Sciopero trasporti. Non se ne può più.
Non si capisce perché la nobiltà del motivo e i diritti dei lavoratori e sindacati (quelli di scioperare) debbano manifestarsi creando danni ai consumatori.

Venerdì 8 novembre sciopero nazionale dei trasporto pubblico locale. Modalità più “cattive” del solito (niente fasce di garanzia) perché, oltre ai contratti che non vengono mai rinnovati quando dovrebbero (scaduti lo scorso 31 dicembre… bontà delle parti…), i sindacati (grossomodo tutti, inclusi i cosiddetti confederali) vorrebbero “provare ad aprire nel Paese una riflessione su un sistema di mobilità collettiva che, senza una riforma di sistema, rischia gradualmente di sparire, ormai non più solo nelle zone a bassa domanda, ma anche nei medi centri urbani e nelle grandi città”.

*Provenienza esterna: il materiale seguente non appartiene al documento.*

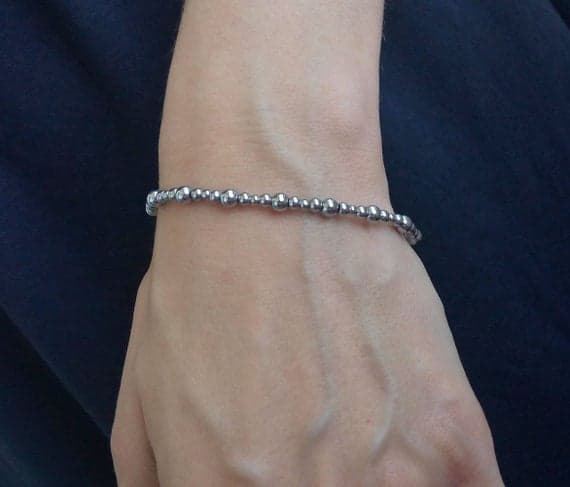 Artisan Loose 4mm Silver HEMATITE  Stretchable Bracelet Round, Smooth 18cm for mens, womens, gf, bf and adults.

Intento nobile. Ma non si capisce perché la nobiltà del motivo e i diritti dei lavoratori e sindacati (quelli di sciopero) debbano manifestarsi creando danni ai consumatori.
Già l’altro giorno, causa sicurezza precaria a seguito accoltellamento di un controllore, lavoratori e sindacati delle ferrovie l’hanno voluta evidenziare facendo pagare i consumatori… e venerdì prossimo uguale.
Per aprire questa “riflessione” il metodo è prendere a calci nei denti i consumatori. E’ ormai certezza che, sindacati e imprese di trasporto, giocano sul fatto che i consumatori non contano nulla e sono solo pupazzi nelle loro mani. Roba da trogloditi della politica. E non ci vengano a dire “diritto di sciopero” bla bla. Quello che succede con questi scioperi è l’esercizio di un diritto calpestando altri diritti (mobilità e libertà individuale).
Non se ne può più.
Non stupitevi, sindacati e imprese di trasporto, di essere considerati alla stregua di arroganti vessatori. Non è così che si avviano riflessioni e riforme. Questa è barbarie.